Have torts scholars put forth non-experimental, statistical evidence showing that consumers do or do not demand insurance coverage for pain and suffering? This kind of insurance is available through tort law, but is hard to find in private insurance markets. Generations of scholars have debated the sense (or nonsense) of this feature of the law. Some have pointed to the rarity of pain-and-suffering insurance in private markets and argued that consumers probably do not value such coverage (e.g., George Priest; Alan Schwartz; John Calfee and Paul Rubin). Others have pointed to anecdotal evidence consistent with a demand for insurance against pain and suffering (e.g., Steven Croley and Jon Hanson). And others have pointed to experimental evidence consistent with a demand for this kind of insurance (e.g., Ronen Avraham).
None of these papers, as far as I know, applies the kind of methodology usually employed when the effect of state law is uncertain: a comparison of (i) states with the law and (ii) states without it (or with less generous versions of it). The comparison usually exploits variation over time, across states, and (possibly) within states. Think, for example, of the many studies evaluating the effect of medical malpractice reform on damage awards (Ronen Avraham; Janet Currie and Bentley MacLeod; Catherine Sharkey and Jonathan Klick), physician supply (David Matsa, Jonathan Klick and Thomas Stratmann), defensive medicine (Daniel Kessler and Mark McClellan), choice of medical procedures (Janet Currie and Bentley MacLeod), …

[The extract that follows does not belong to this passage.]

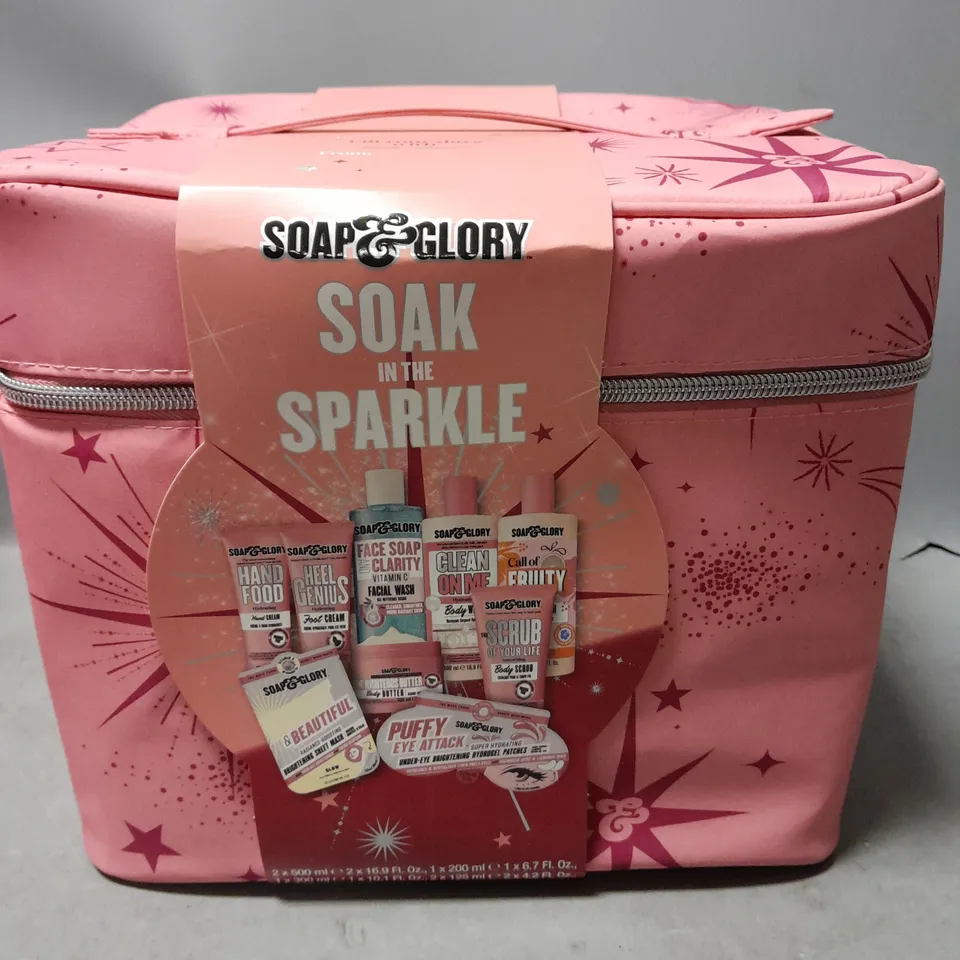 SOAP & GLORY SOAK IN THE SPARKLE GIFT SET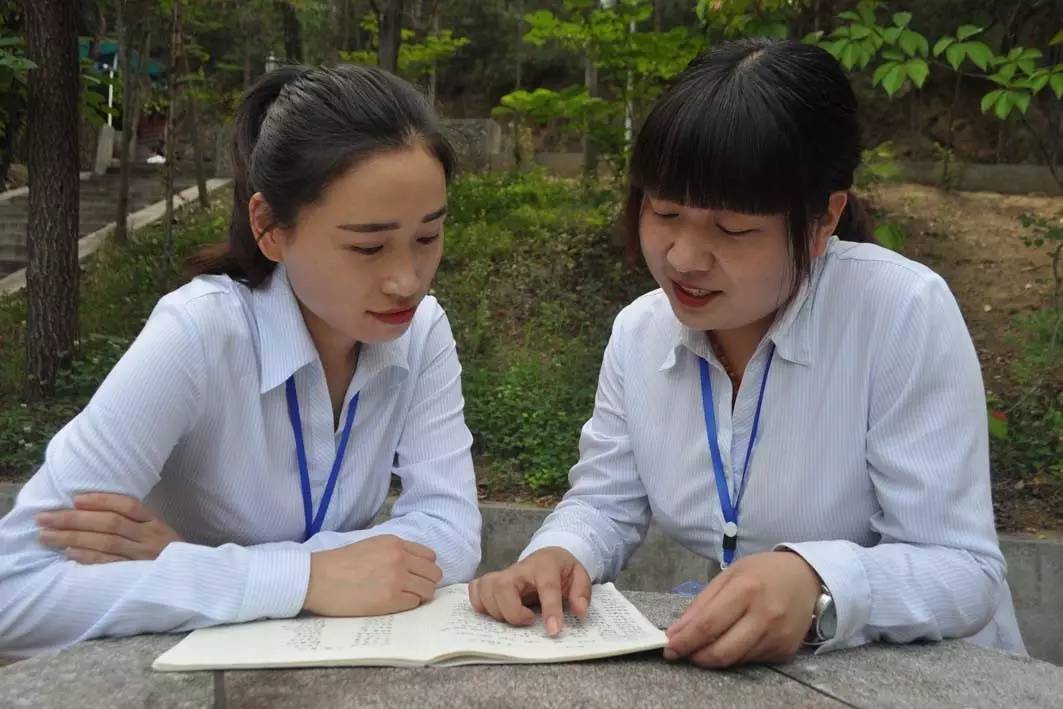 穿越而来的美女导游，画风清奇惹人醉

Can something similar be done in studies of pain-and-suffering damages? Can a before-after or difference-in-difference methodology be used to test the demand for this kind of insurance?
Here's one idea ...
In November 1996, California modified state tort law to prevent uninsured motorists from recovering damages for pain and suffering when they are victims in non-fatal automotive accidents. The legislation was enacted by referendum (Proposition 213). It is codified in Section 3333.4 of the California Civil Code.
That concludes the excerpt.